"- Meu senhor - disse eu ao celerado, apavorada com semelhantes discursos -, como é possível que possais conceber tais volúpias e que venhais propor-me servi-las? Os horrores que vós proferistes... Se vós, homem cruel, passásseis sequer dois dias pela desgraça, veríeis como tais sistemas de humanidade se desvanesceriam no vosso coração; é a prosperidade que vos cega e vos endurece; estais embotado pelo espectáculo de males que julgais longe de vos atingirem e, como esperais nunca os sentir, julgais-vos no direito de os inflingir aos outros; o meu desejo é que, se a felicidade tiver de me corromper assim, melhor será nunca a conhecer... Meu Deus! Já não basta abusar do infortúnio! Ter de levar a ousadia e a crueldade ao ponto de o acrescentar e de o prolongar, com vista à mera satisfação dos próprios desejos! Que crueza, senhor! Nem os animais ferozes nos dão exemplos de tanta barbárie!
- Teresa, estás enganada! Não há astúcia de que o lobo não se sirva para atrair o cordeiro; tais manhas encontram-se na natureza, na qual a bondade prima pela ausência; esta é característica da fraqueza preconizada pelo escravo, para comover o amo e o convencer a ser brando; a bondade só surge no homem em dois casos: quando ele é o mais fraco ou quando receia vir a sê-lo; a prova de que essa pretensa virtude não existe na natureza está no facto de ela ser desconhecida no homem que mais próximo está da mesma natureza. O selvagem, desprezando-a, mata o semelhante sem piedade, quer para se vingar, quer por avidez... Se essa virtude estivesse inscrita no seu coração, será que ele a respeitaria?
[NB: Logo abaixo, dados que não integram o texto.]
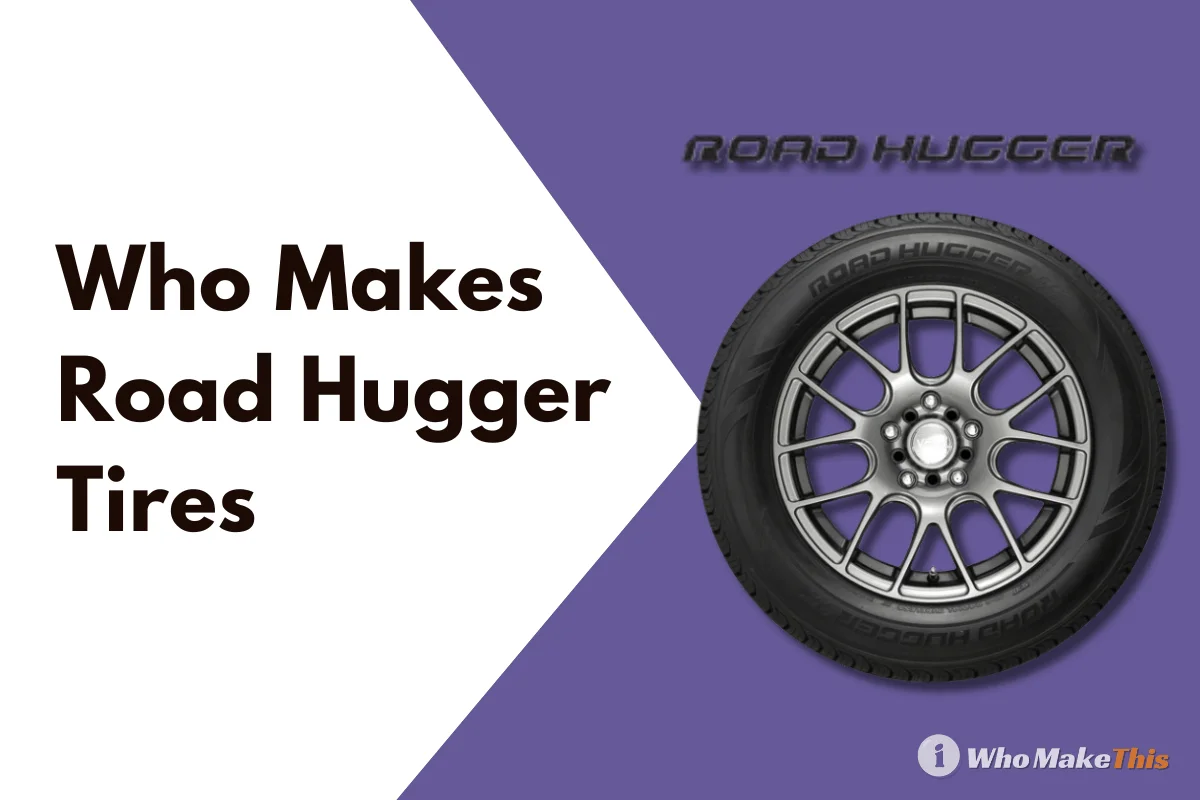 Who Makes Road Hugger Tires
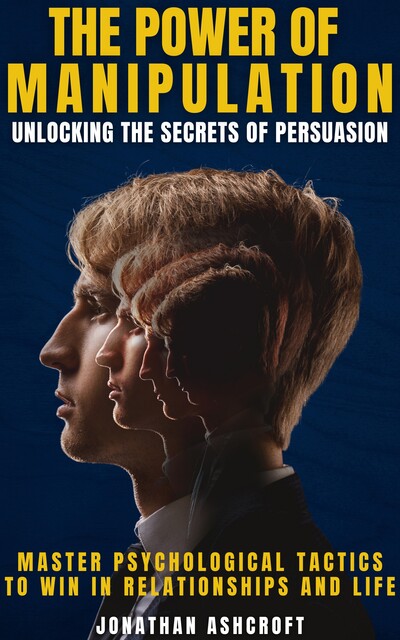 The Power of Manipulation, Jonathan Ashcroft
A verdade é que ela não surgiu lá como nunca surgirá onde quer que os homens sejam iguais: a civilização, depurando os indivíduos, dividindo-os em classes, colocando o pobre na frente do rico, inspirando a este o receio duma mudança de estado que poderia precipitá-lo no nada do pobre, inscreve no seu espírito o desejo de consolar o infeliz, para ser por sua vez consolado, no caso de vir a perder as riquezas. Daí nasce a beneficência, fruto da civilização e do temor: é, portanto, uma virtude de circunstância, não é um sentimento da natureza: esta nunca pôs em nós desejo algum que não fosse o de nos satisfazermos, seja por que preço for. É confundindo assim todos os sentimentos, nunca analisando coisa alguma, que se cai na cegueira total e se renuncia a todo o prazer."
Marquês de Sade, Justine ou os Infortúnios da Virtude, trad. Manuel João Gomes, Lisboa: Antígona, 2001, pp. 242-243.